# Thread: Independent exponential random variables

1. ## Independent exponential random variables

If $\displaystyle X_1$ and $\displaystyle X_2$ are independent exponential random variables with parameters $\displaystyle \lambda_{1}$ and $\displaystyle \lambda_{2}$, find the distribution of $\displaystyle Z=\frac{X_1}{X_2}$

Hints?

2. ## Re: Independent exponential random variables

Originally Posted by I-Think
If $\displaystyle X_1$ and $\displaystyle X_2$ are independent exponential random variables with parameters $\displaystyle \lambda_{1}$ and $\displaystyle \lambda_{2}$, find the distribution of $\displaystyle Z=\frac{X_1}{X_2}$

Hints?
Quotient of two random variables

http://www.math.uiuc.edu/~r-ash/Stat/StatLec1-5.pdf

3. ## Re: Independent exponential random variables

As in the reference reported by Mr Fantastic if X and Y are independent random variables with p.d.f. $\displaystyle p_{x}(*)$ and $\displaystyle p_{y}(*)$, then the random variable $\displaystyle Z=\frac{X}{Y}$ has p.d.f...

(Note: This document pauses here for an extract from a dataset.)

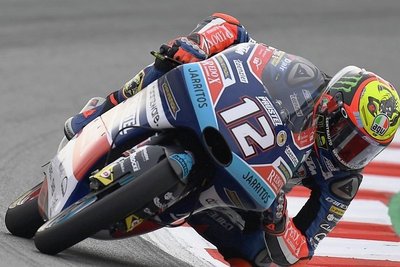 Der Italiener Marco Bezzecchi vom am Sachsenring ansässigen Prüstel-GP-Team fuhr in Barcelona in derMoto3-Klasse als Zweiter erneut auf das Podest.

$\displaystyle p_{z}(z)= \int_{- \infty}^{+ \infty} |y|\ p_{x}(z y)\ p_{y}(y)\ dy$ (1)

If X and Y are exponential random variables then...

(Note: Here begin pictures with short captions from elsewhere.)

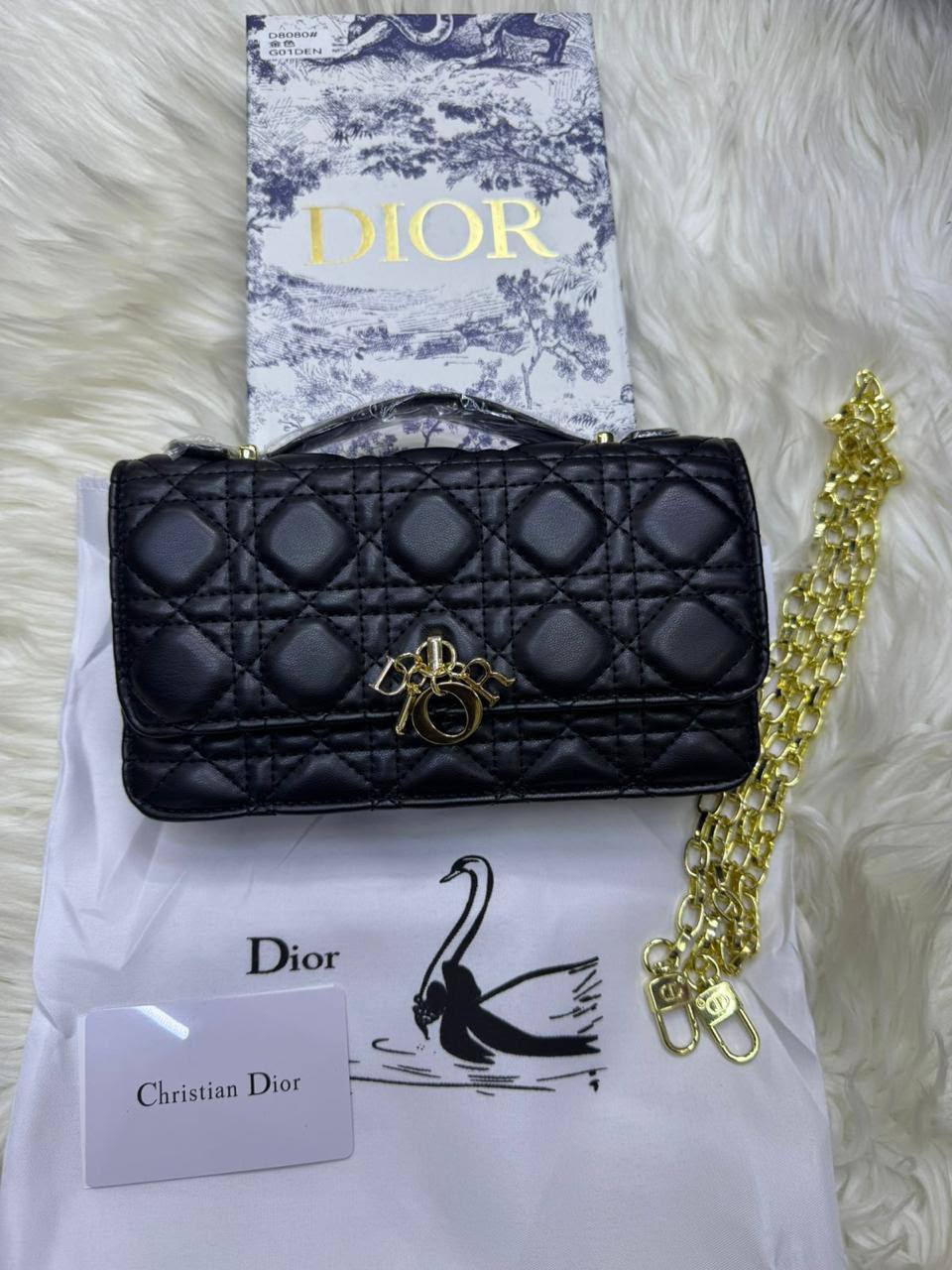 Dior woc

1⃣️ First quality +🎁

Size : 21 * 12 cm
110 dhs🇦🇪
 with box 🎁

Zain115
♥️♥️♥️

$\displaystyle p_{x}(x)= \lambda_{1}\ e^{- \lambda_{1}\ x}\ u(x)$ (2)

$\displaystyle p_{y}(y)= \lambda_{2}\ e^{- \lambda_{2}\ y}\ u(y)$ (3)

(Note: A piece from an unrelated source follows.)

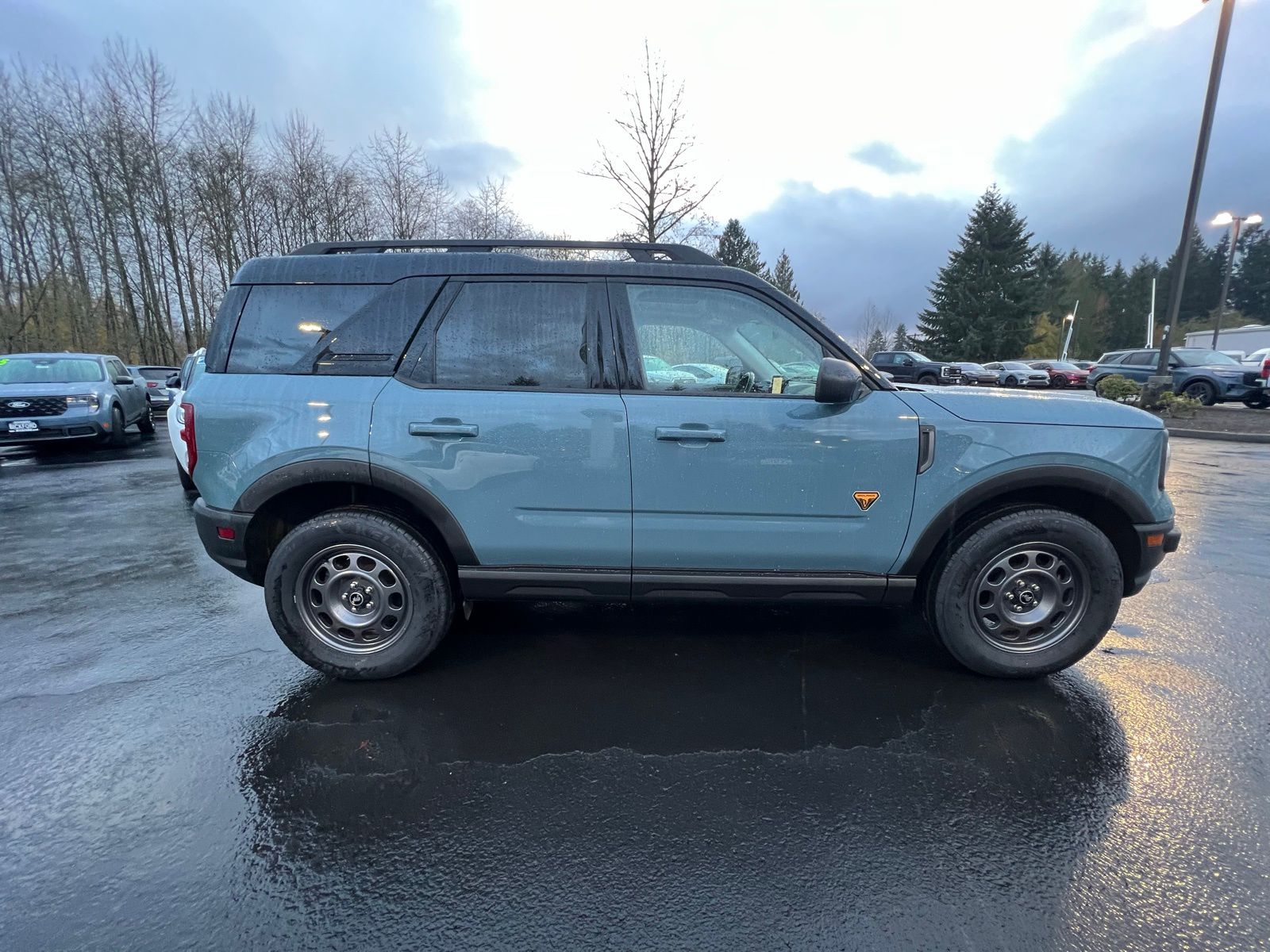 2021 Ford Bronco Sport Badlands photo 2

... where u(*) is the Haeviside Step Function and (1) becomes after some steps...

$\displaystyle p_{z}(z)= \frac{\lambda_{1}}{\lambda_{2}}\ \frac{1}{(1+\frac{\lambda_{1}}{\lambda_{2}}\ z)^{2}}$ (4)

Surprisingly simple!...

Marry Christmas from Serbia

$\displaystyle \chi$ $\displaystyle \sigma$